→ Your task: In the data below, set down exactly the lines from the one containing "Jessica Howard Size" up to and including the one containing "ECO+CHEF Food Dehydrator". Leave the pictures out.

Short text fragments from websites
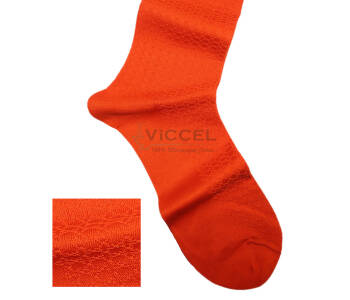 VICCEL / CELCHUK Socks Star Textured Orange - Pomarańczowe luksusowe skarpety z teksturą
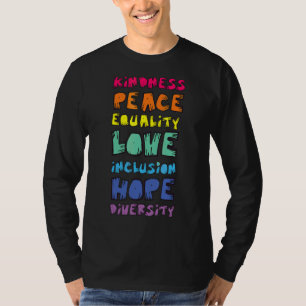 Camiseta Paz Amor Igualdade Bondade Esperança Diversidade P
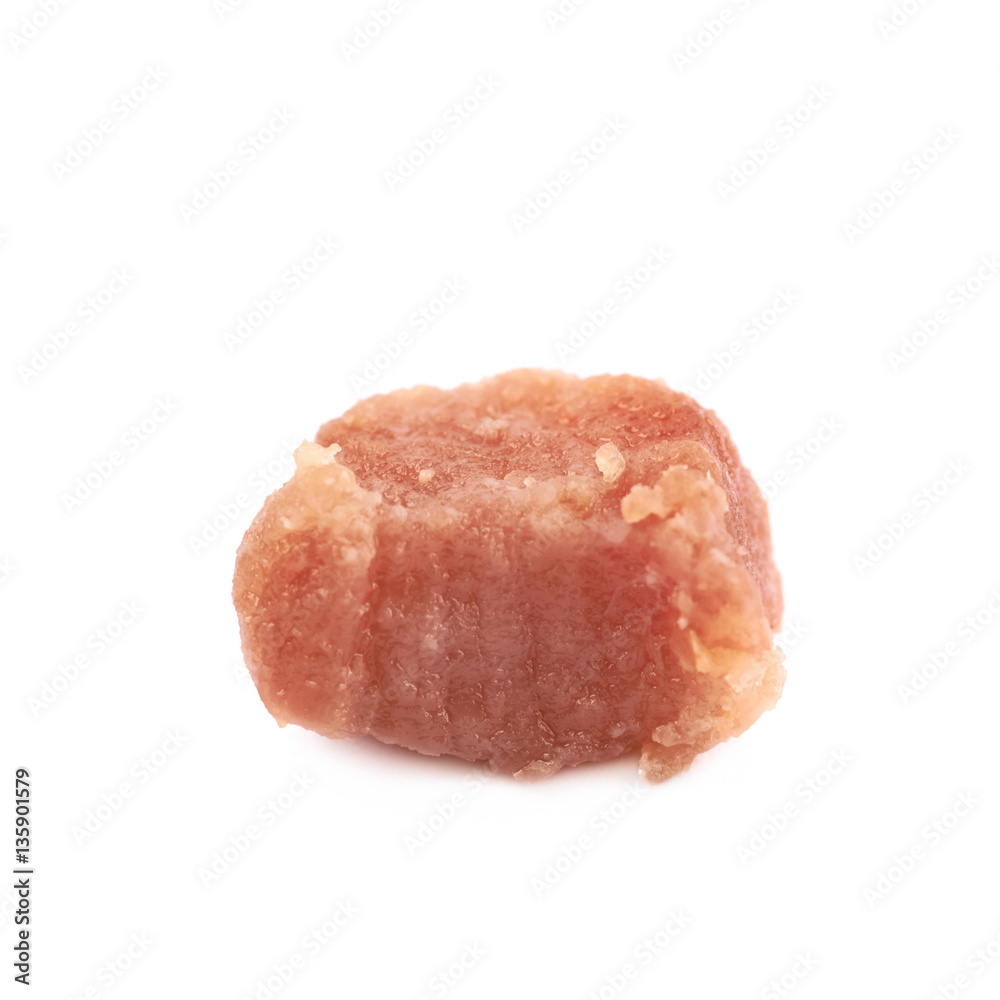 Single fried bacon cube isolated Single fried bacon cube isolated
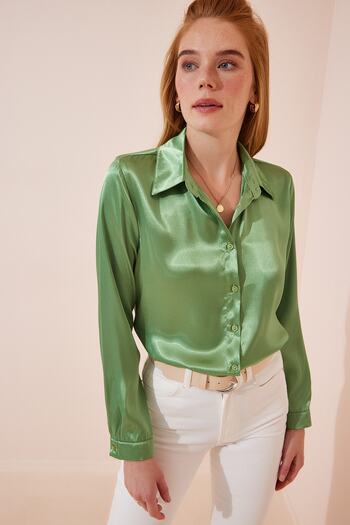 Happiness İstanbul Γυναικείο πουκάμισο Peanut Green Light Flowy Satin Surface DD00990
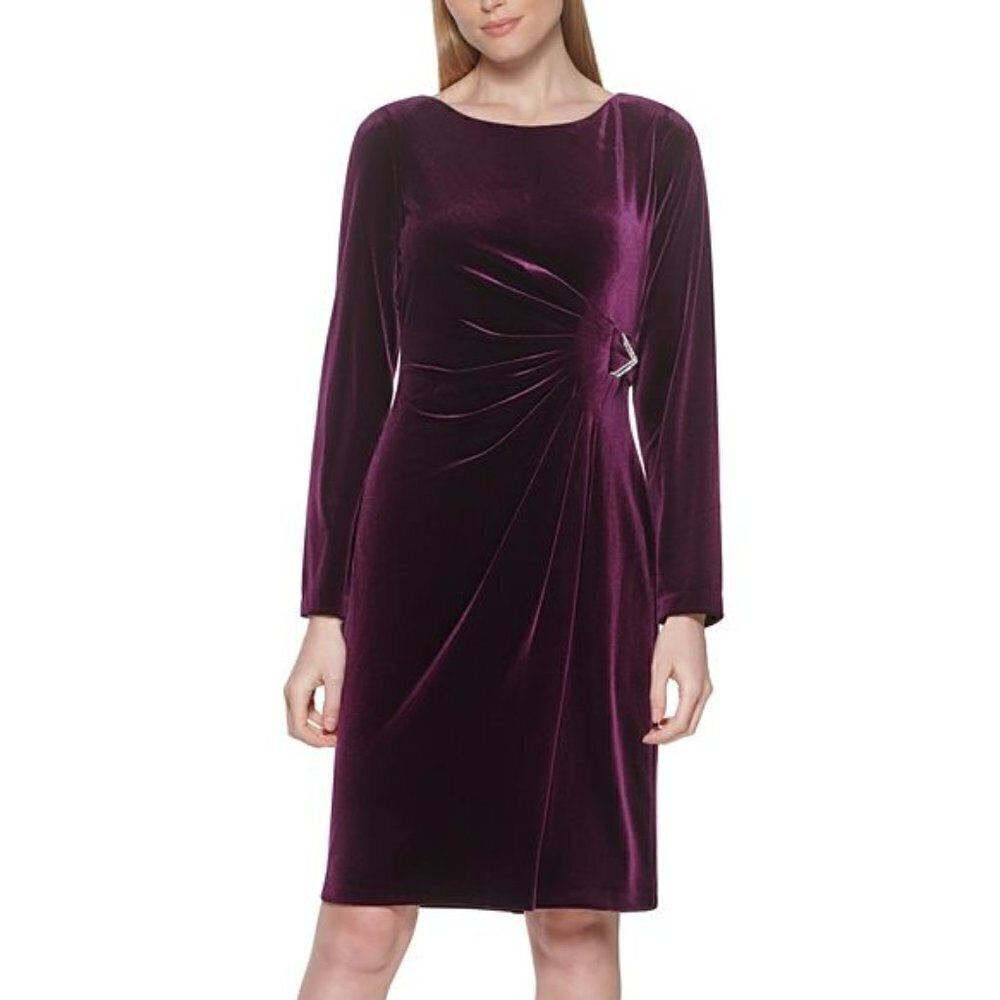 Jessica Howard Size 6 Plum Purple Velvet Embellished Sheath Dress Long Sleeve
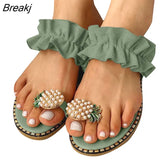 Women Slipper Pineapple Pearl Flat Toe Bohemian Summer Beach Sandals Ladies Shoes plus size Mujer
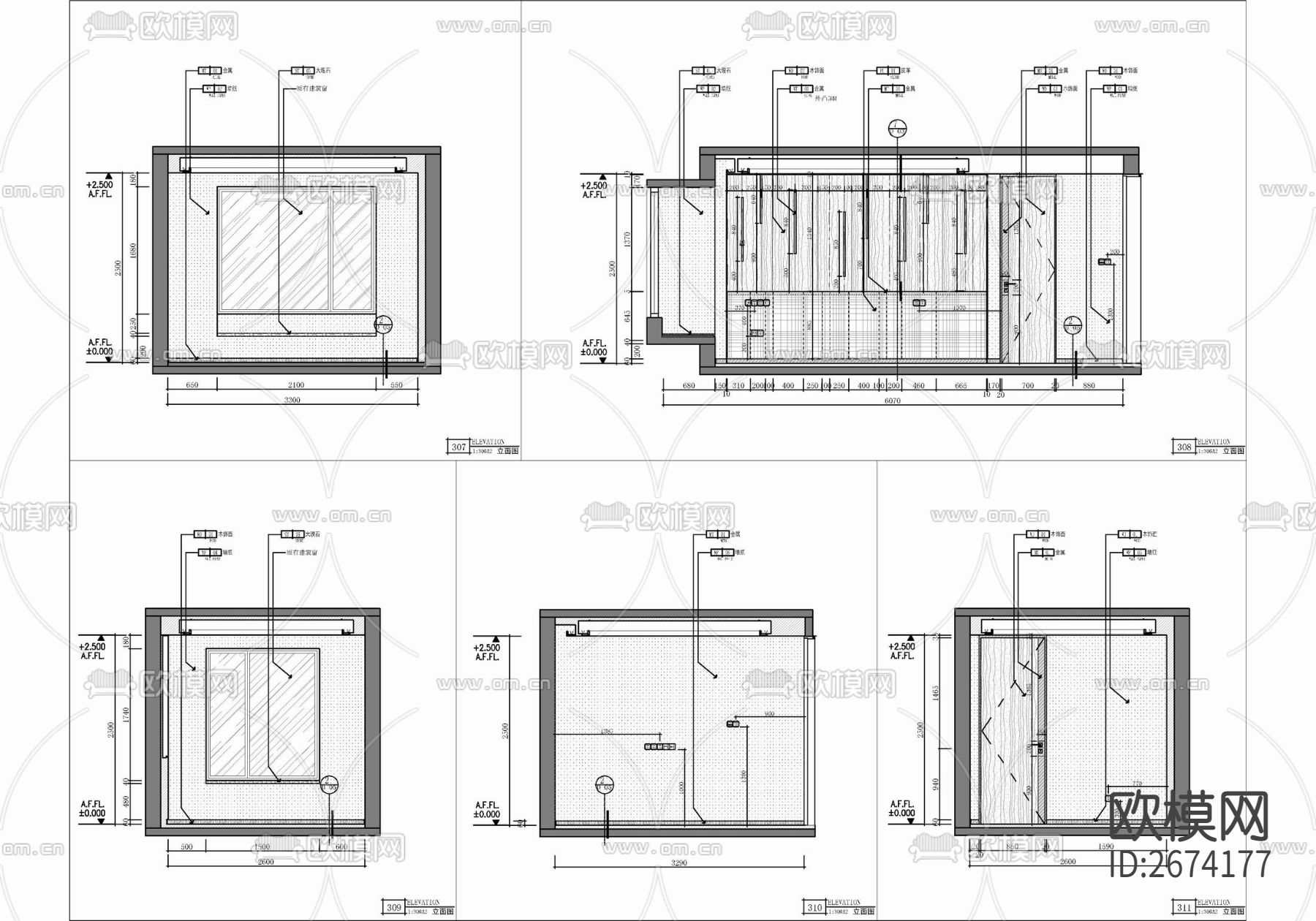 100㎡三居室家装样板间CAD施工图下载（渲染图9）
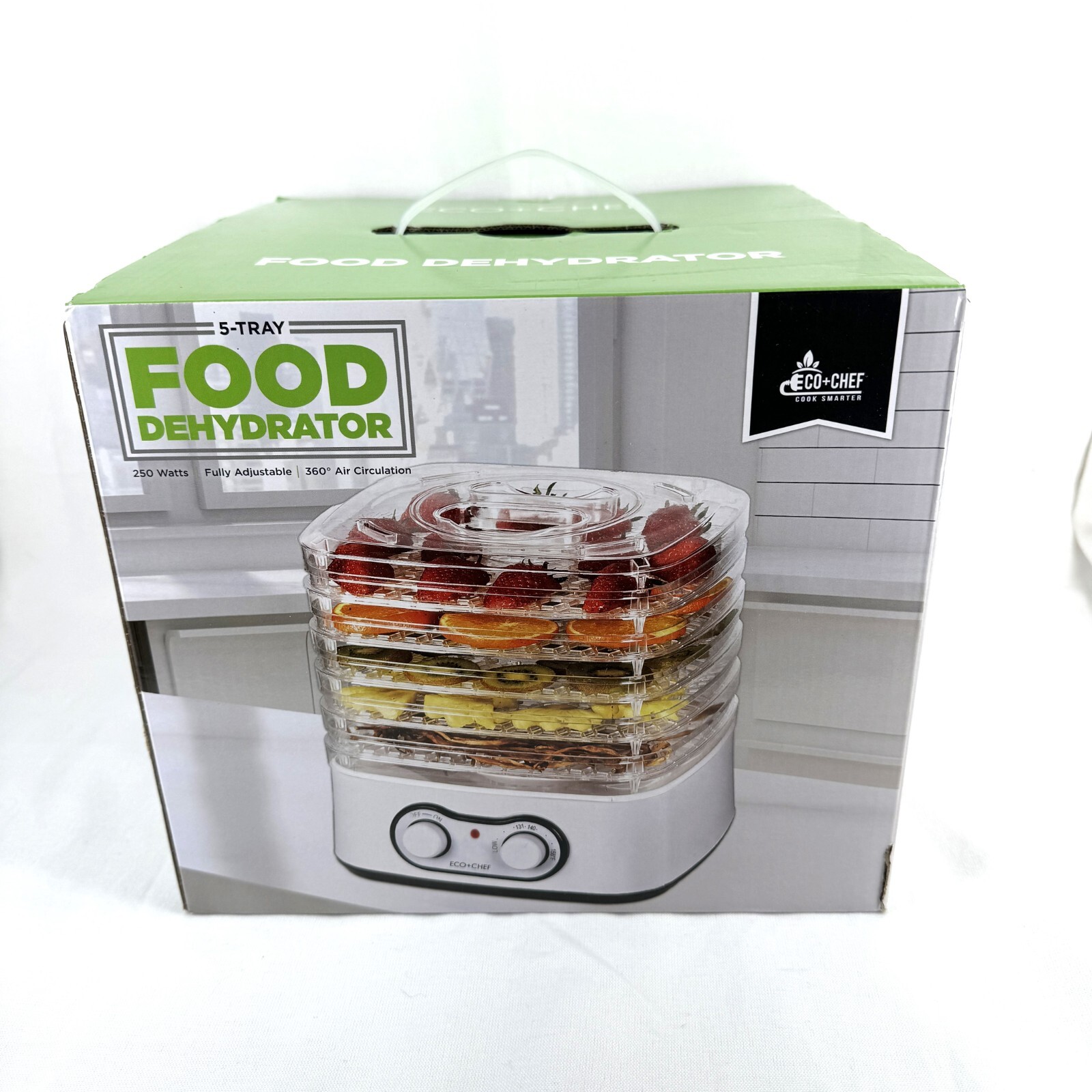 ECO+CHEF Food Dehydrator 5 Tray Adj Temp Jerky Veg Fruit Herbs 250 W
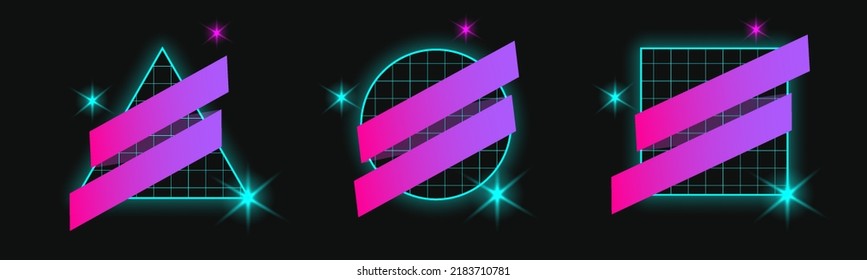 Set of retro futurism shapes, flyer geometric elements. Holographic backlighting in the 80s - 90s. Futuristic vaporwave design. Fashionable forms for merch and t-shirts. Vector set of glitch elements.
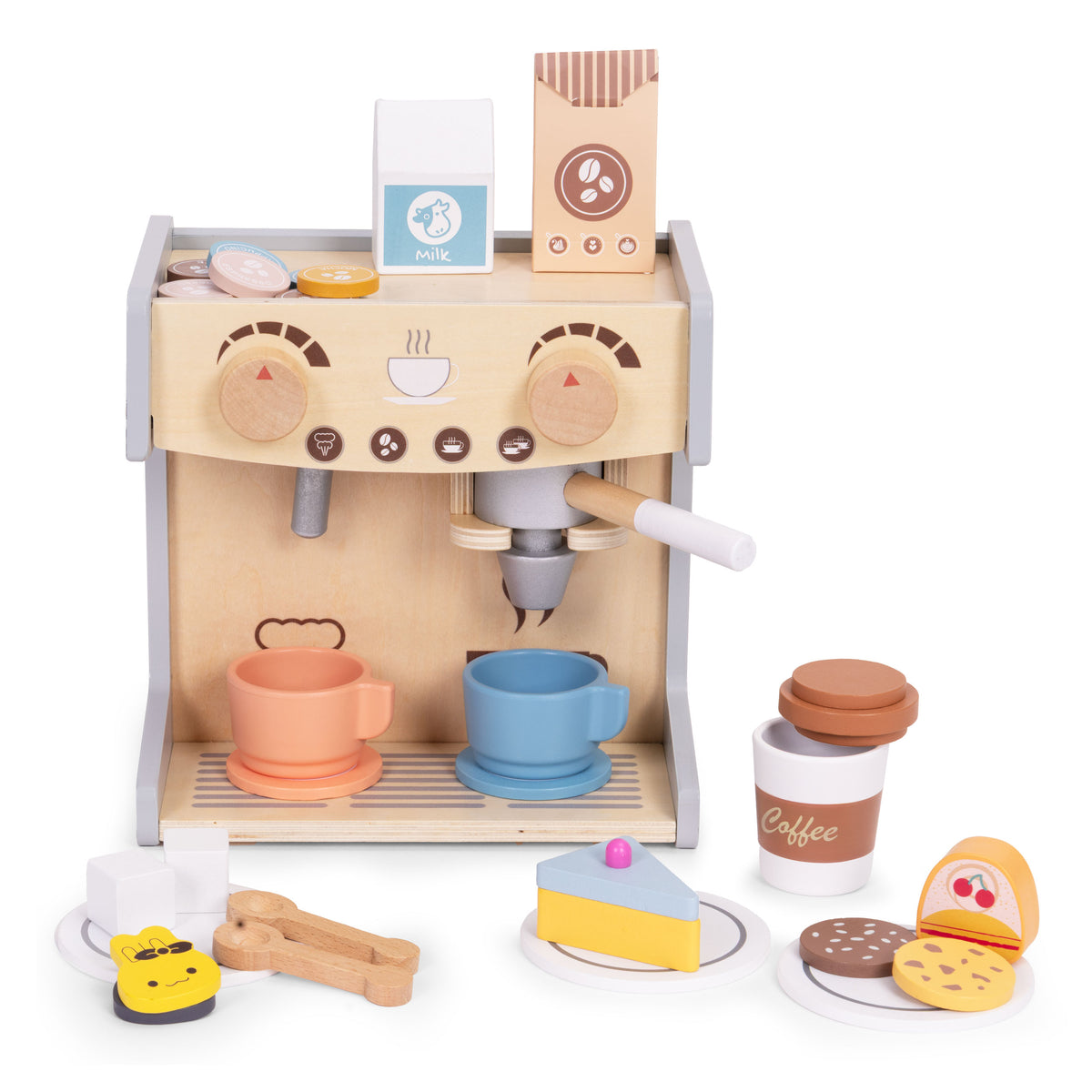 Koka bērnu kafijas automāts 2in1 – baristas veikals, 26 piederumi | EcoToys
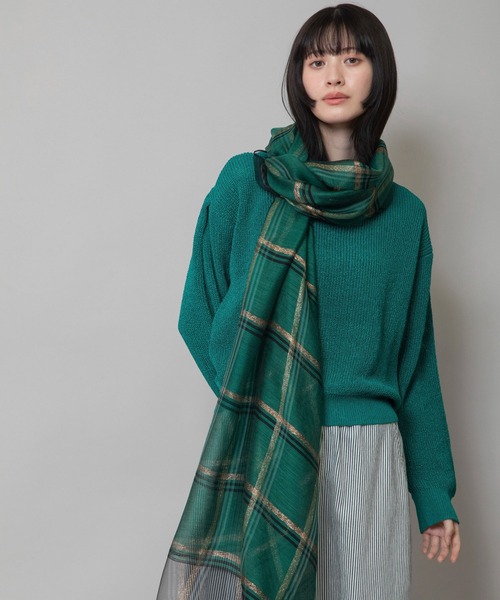 Munich(ミューニック)の「シルクミックスチェックストール(ストール/ショール・レディース・ホワイト/ベージュ/グリーン・FREE)」の7枚目の写真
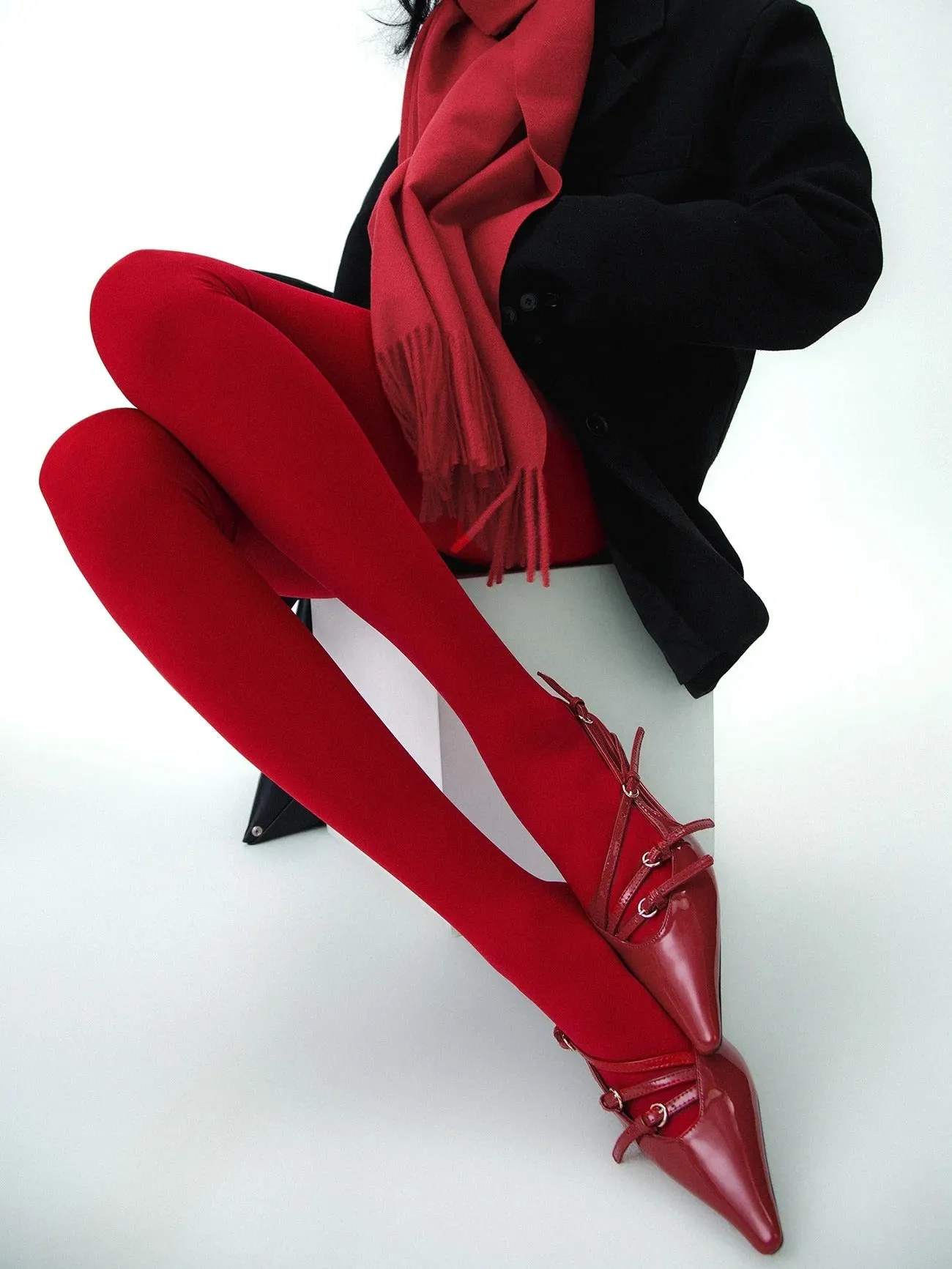 Soft Velvet Touch Red Tights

→ Answer for the task:
 Jessica Howard Size 6 Plum Purple Velvet Embellished Sheath Dress Long Sleeve
 Women Slipper Pineapple Pearl Flat Toe Bohemian Summer Beach Sandals Ladies Shoes plus size Mujer
 100㎡三居室家装样板间CAD施工图下载（渲染图9）
 ECO+CHEF Food Dehydrator 5 Tray Adj Temp Jerky Veg Fruit Herbs 250 W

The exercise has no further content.